Thursday, May 3, 2012

garage

remember when laura ingalls wilder and her fam would have barn raisings?  the whole like community would gather together and whip up a huge barn while ma and pa and their 32 kids cooked and ate well and probs played games and sewed.  well, that is not really happening here at all.





but, we are taking the old garage behind the house down and plan to build another.  and by plan to build another i mean to say that other people, builders in fact, will be building another in its place. 

this is a big deal over here.



we are currently in the tearing down, burning, and getting rid of some random stuff stage. 

but the building part is really monumental.  this is the first addition/replacement to the farm brad has made since his own farming career began.  he is continuing the legacy in his own way and that is to be celebrated. 

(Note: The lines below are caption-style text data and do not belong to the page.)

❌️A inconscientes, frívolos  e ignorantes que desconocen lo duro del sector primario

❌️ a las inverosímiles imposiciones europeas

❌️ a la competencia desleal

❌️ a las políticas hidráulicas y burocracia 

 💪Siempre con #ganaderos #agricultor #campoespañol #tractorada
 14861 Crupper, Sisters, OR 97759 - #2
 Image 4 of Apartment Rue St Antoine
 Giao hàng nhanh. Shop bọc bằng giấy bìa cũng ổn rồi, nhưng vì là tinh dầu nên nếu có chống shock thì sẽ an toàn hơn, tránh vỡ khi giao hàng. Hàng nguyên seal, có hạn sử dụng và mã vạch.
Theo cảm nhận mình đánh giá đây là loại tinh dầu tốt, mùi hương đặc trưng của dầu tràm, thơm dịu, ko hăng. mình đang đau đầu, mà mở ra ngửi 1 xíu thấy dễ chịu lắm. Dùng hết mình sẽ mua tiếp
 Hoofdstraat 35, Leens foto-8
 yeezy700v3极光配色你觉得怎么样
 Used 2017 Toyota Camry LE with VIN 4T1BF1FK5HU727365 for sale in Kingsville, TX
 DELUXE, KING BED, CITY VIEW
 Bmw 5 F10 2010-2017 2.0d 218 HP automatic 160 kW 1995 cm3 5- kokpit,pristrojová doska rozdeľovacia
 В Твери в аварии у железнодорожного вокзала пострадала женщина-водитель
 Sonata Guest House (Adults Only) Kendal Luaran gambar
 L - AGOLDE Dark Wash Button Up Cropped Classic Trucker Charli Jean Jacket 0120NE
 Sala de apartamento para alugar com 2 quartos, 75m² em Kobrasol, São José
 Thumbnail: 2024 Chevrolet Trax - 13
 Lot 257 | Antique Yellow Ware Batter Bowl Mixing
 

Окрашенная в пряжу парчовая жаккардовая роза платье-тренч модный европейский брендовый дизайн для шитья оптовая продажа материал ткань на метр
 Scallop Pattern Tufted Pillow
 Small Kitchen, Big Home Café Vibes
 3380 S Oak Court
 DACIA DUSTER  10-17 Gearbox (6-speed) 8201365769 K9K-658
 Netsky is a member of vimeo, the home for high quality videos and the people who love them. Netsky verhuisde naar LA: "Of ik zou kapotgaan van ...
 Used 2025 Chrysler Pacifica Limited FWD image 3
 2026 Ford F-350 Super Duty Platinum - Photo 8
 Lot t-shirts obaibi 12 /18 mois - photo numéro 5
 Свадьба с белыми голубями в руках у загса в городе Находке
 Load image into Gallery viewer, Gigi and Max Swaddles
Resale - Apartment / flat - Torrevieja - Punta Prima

lest you think it is all work and no play at the meiste's:

we took time to go to the park after school while brad brought some scrap steel away.  cupcake demands to be pushed from the back.  just ask auntie beans who dared give her a frontal push only to be gestured at and told back repeatedly.


while playing at the park, a strange boy found my boys' intriguing and ran up to them saying "hola amigos!  that means hi friends in spanish!" to which my boys only stared.  when the other boy gave up communicating in either language, bear whispers to maxer " did you see that boy?" we then had a lovely discussion about being kind to others.



in other news, ayla jo is obsessed with shoes.  she wakes up looking for them and attempting to put them on.  this morning she literally spent 20 minutes screaming in her own baby blue high pitched way because her flip flops did not stay on well.  then i hid them while distracting her with some pink jellies i found.